§ TASK DESCRIPTION:
Output each record exactly as given. Leave out every picture.

Pictures with short captions

....

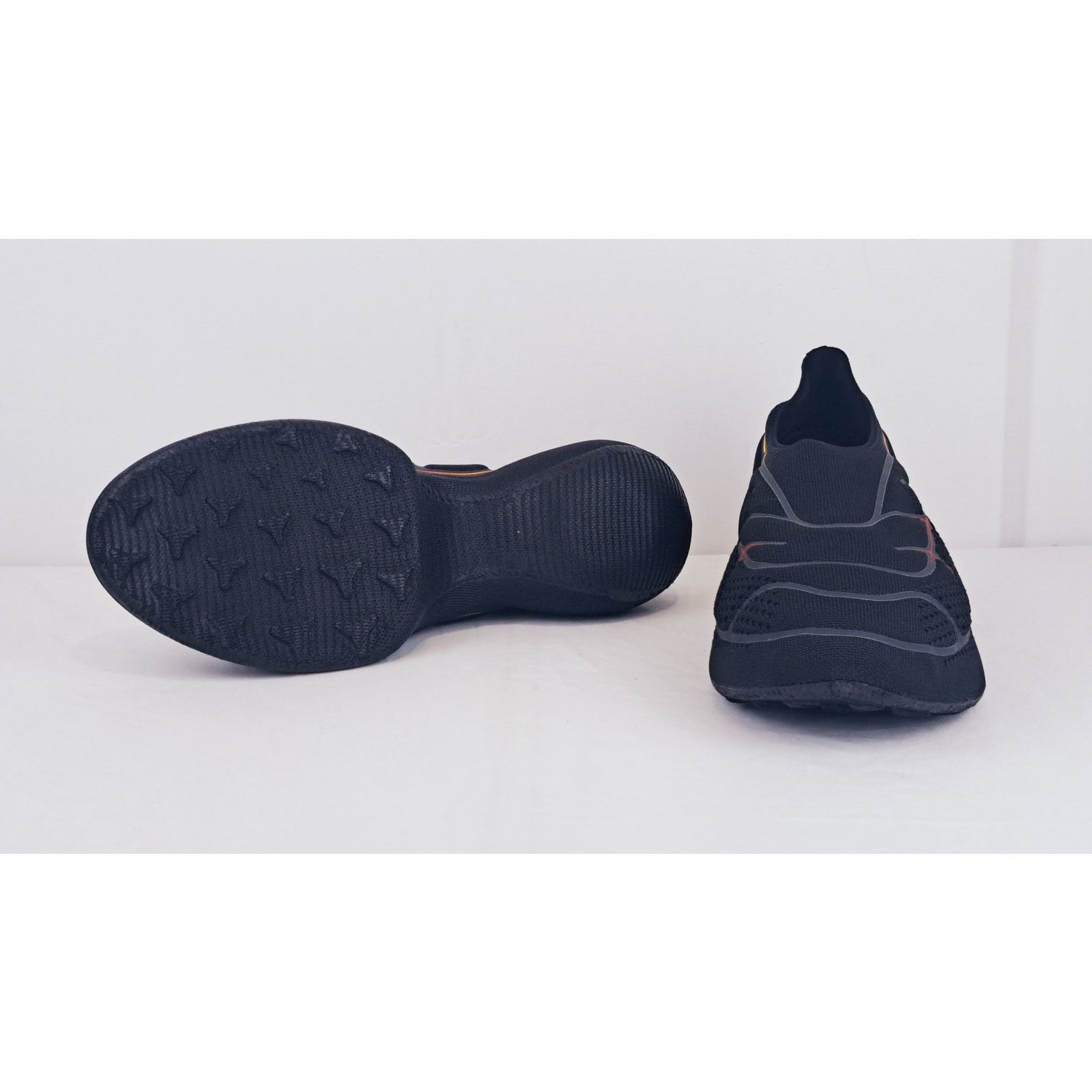 Givenchy o1rshd1 TK-360 Plus Sneakers in Black/Yellow Size US 14 / EU 47 - 11 Thumbnail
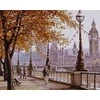 Ideyka Tapyba pagal skaičius - Ruduo Londonas 40x50cm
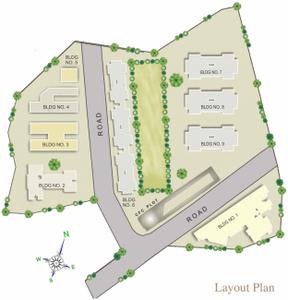 Project Image of 198.0 - 475.0 Sq.ft 1 BHK Apartment for buy in Shantee Sunshine Green Park Phase I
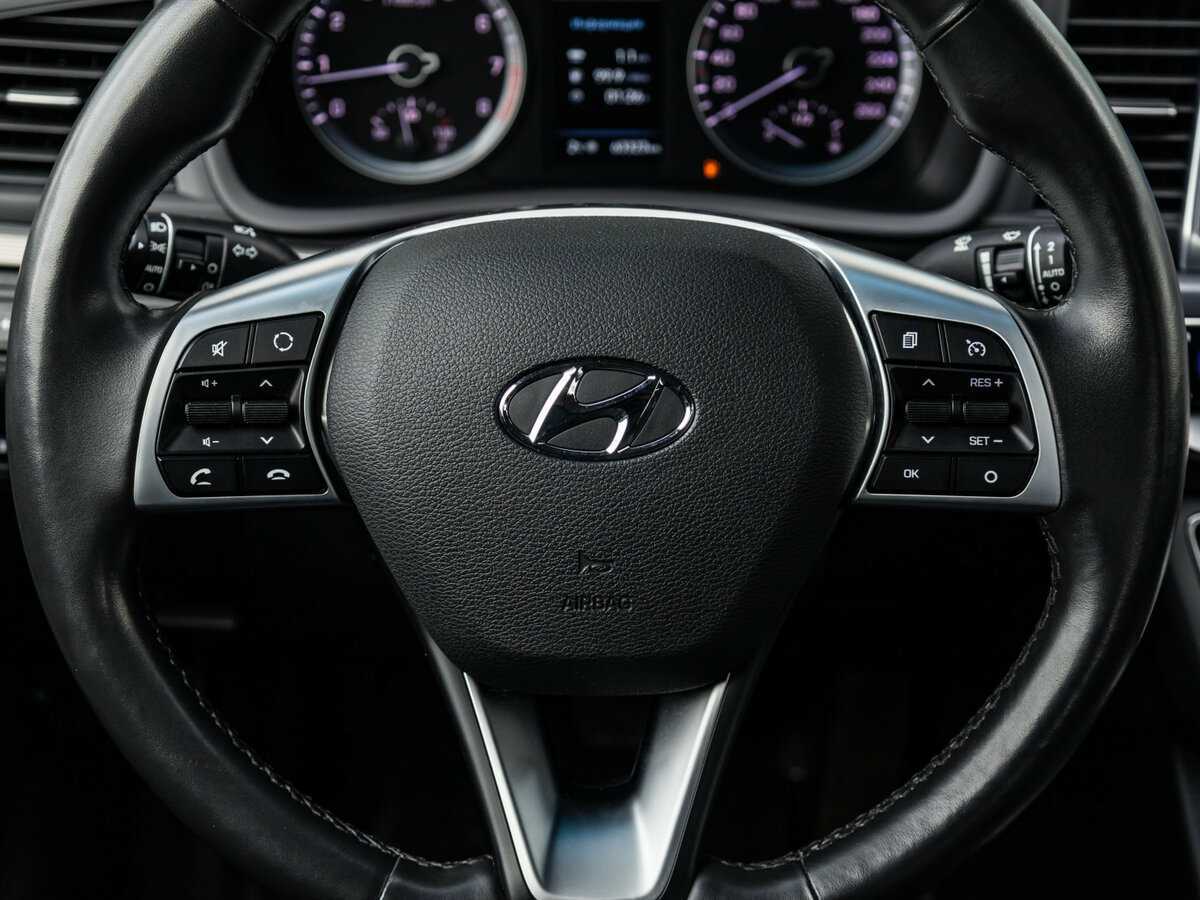 Hyundai Sonata с пробегом — 2018 год. Фото: #14
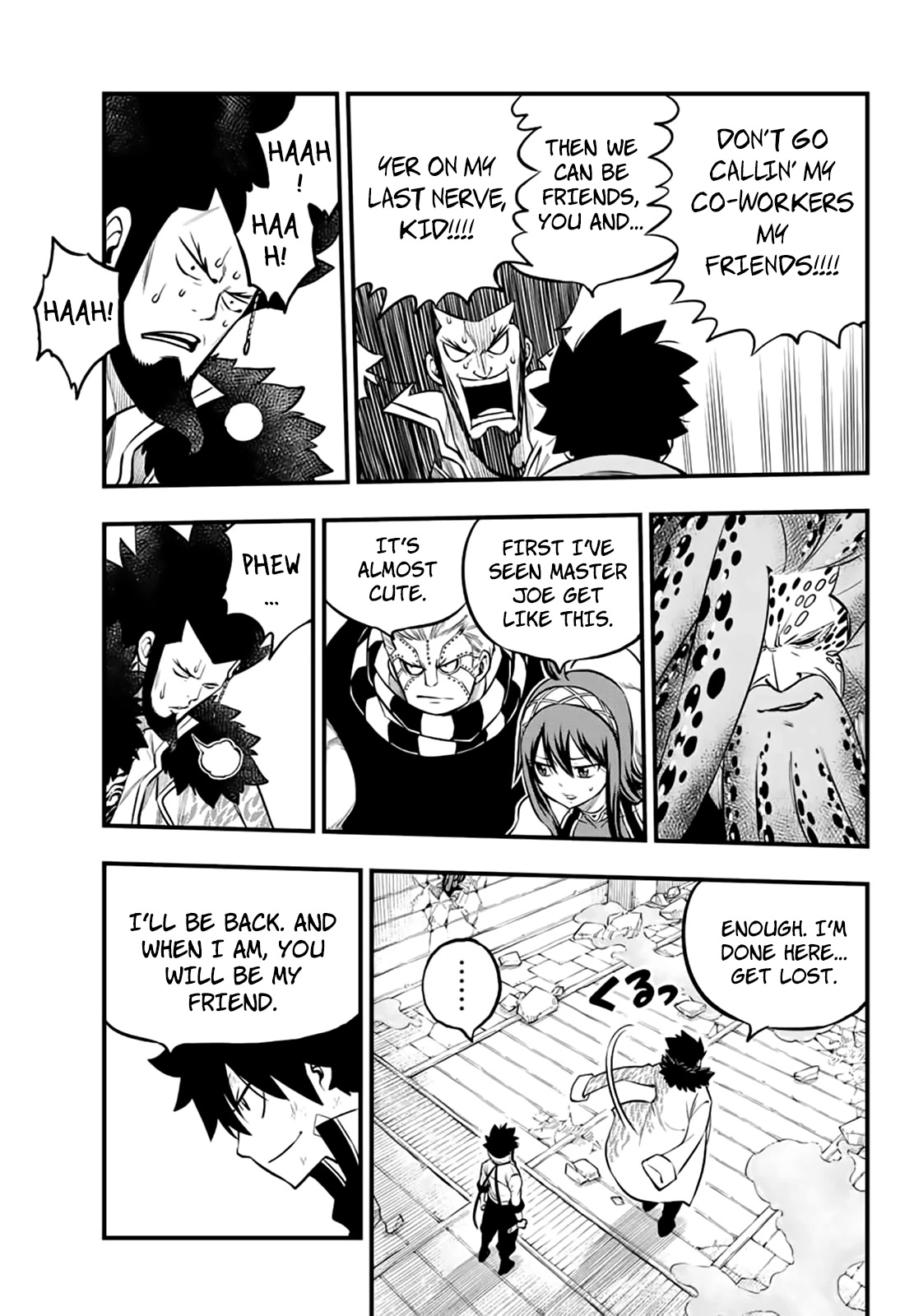 Eden's Zero Chapter 231 page 10 - Chapter 231: Requirements of a Hero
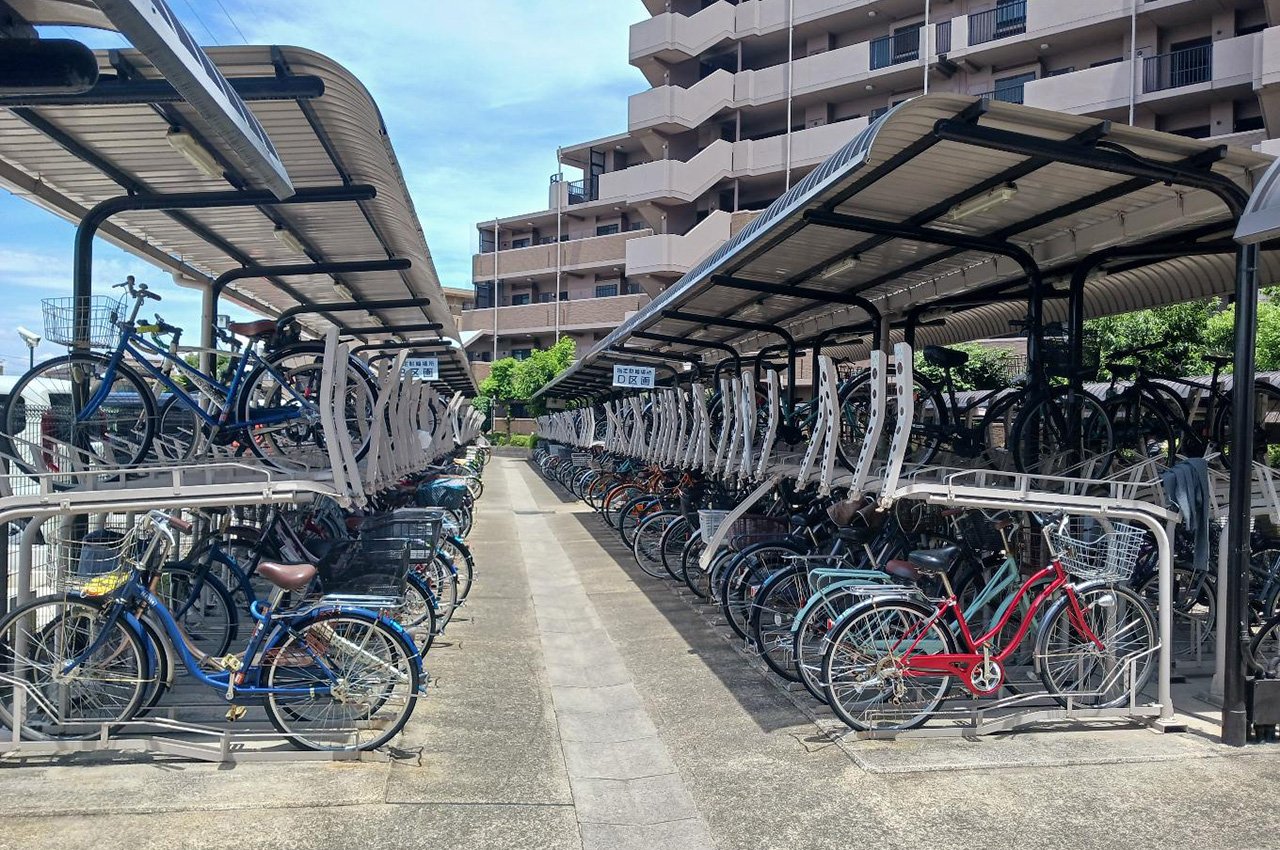 駐輪場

....

§ ANSWER SECTION:
 Givenchy o1rshd1 TK-360 Plus Sneakers in Black/Yellow Size US 14 / EU 47 - 11 Thumbnail
 Ideyka Tapyba pagal skaičius - Ruduo Londonas 40x50cm
 Project Image of 198.0 - 475.0 Sq.ft 1 BHK Apartment for buy in Shantee Sunshine Green Park Phase I
 Hyundai Sonata с пробегом — 2018 год. Фото: #14
 Eden's Zero Chapter 231 page 10 - Chapter 231: Requirements of a Hero
 駐輪場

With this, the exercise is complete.